Marble Arch Caves
The Marble Arch Caves are just one of the numerous extensive cave systems found in the Geopark; the existence of caves in these areas can be attributed to the underlying Geology.
A cave is defined as a natural underground chamber. They are formed in a variety of ways including the pounding action of the sea, by rock collapse or, as in the case of the Marble Arch Caves, by water flowing through rock, slowly dissolving it away. Most caves across the world are found in limestone areas because, although limestone is a strong rock, it has certain properties which mean it is susceptible to corrosion (chemical erosion by slightly acidic water).

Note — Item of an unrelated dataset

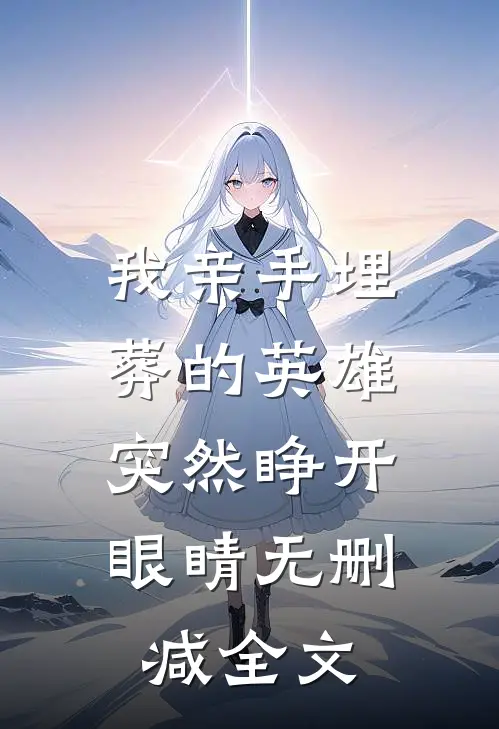 我亲手埋葬的英雄，突然睁开眼睛无删减全文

Unsurprisingly the geology of Fermanagh and parts of Cavan is dominated by Limestone. The ability of water to dissolve limestone rock is directly associated with the materials from which it is formed and the way it is formed.
Limestone is a sedimentary rock, formed by the settling and consolidation of deposited materials. Sedimentary rocks are formed from deposits of material which has originally come from living organisms (chemical/organic sedimentary rocks) or from material derived from weathering and erosion of older rocks (clastic sedimentary rocks). The name comes from the Latin word sedo meaning to settle or sit down.

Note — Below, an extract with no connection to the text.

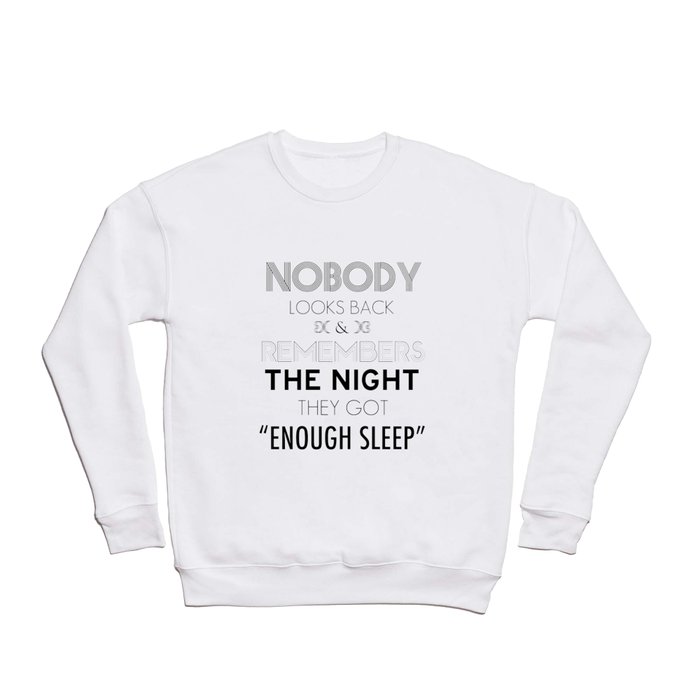 Nobody Looks Back & Remembers The Night They Got "Enough Sleep" Crewneck Sweatshirt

The Limestone in our Geopark formed around 330 million years ago during the Carboniferous geological period, when Ireland lay on or just slightly south of the equator. Located on the edge of a supercontinent, where sea-levels were higher, the area that we now call Ireland was covered by a shallow tropical sea. The limestones formed by the accumulation of lime-mud on the bottom of this ancient sea floor and from the remains of dead sea creatures that would have thrived in these waters. Limestone is defined as containing at least 50 per cent calcium carbonate (CaCO3), a common mineral extracted from sea-water by organisms and included in their bodies as skeletons or shells. Limestone formation is a very slow process; layers and layers of limey deposits build up on the ocean floor and are compacted by the weight of the water over millions of years. Eventually the layers of sediments are consolidated into beds of limestone rock. The variations in types of limestone are huge and depend on the composition of the sediments being laid down at any one time.
Over time beds of limestone with differing composition will be laid down on top of one another and as a result beds of different character lie on top of each other. These breaks in the sequence of limestone deposition are marked by horizontal bedding planes which are very important in the early stages of cave formation. At first the beds and bedding planes lie parallel to the original sea floor, then over time movements within the earth fold and tilt the beds to form mountain ranges, exposing parts of the rock to weathering. The beds of rock become fractured through this movement and vertical fissures called joints appear.
Limestone is not a porous rock, it is actually impervious to water because its structure is made up of tightly interlocking crystals. The bedding planes and joints found in limestone are its weakness and when water gets into these it can dissolve part of the rock. As mentioned earlier, Limestone is defined as containing at least 50% Calcium Carbonate and it’s this CaCO3 which is easily dissolved by rain and soil water, both of which are slightly acidic. This diagram illustrates the chemical reaction:
The most important factor in the growth of caves is water – so the largest passages in the Marble Arch Caves have formed where there has been a constant source of water from the largest rivers on Cuilcagh Mountain – the Owenbrean, Aghinrawn and Shruh Croppa.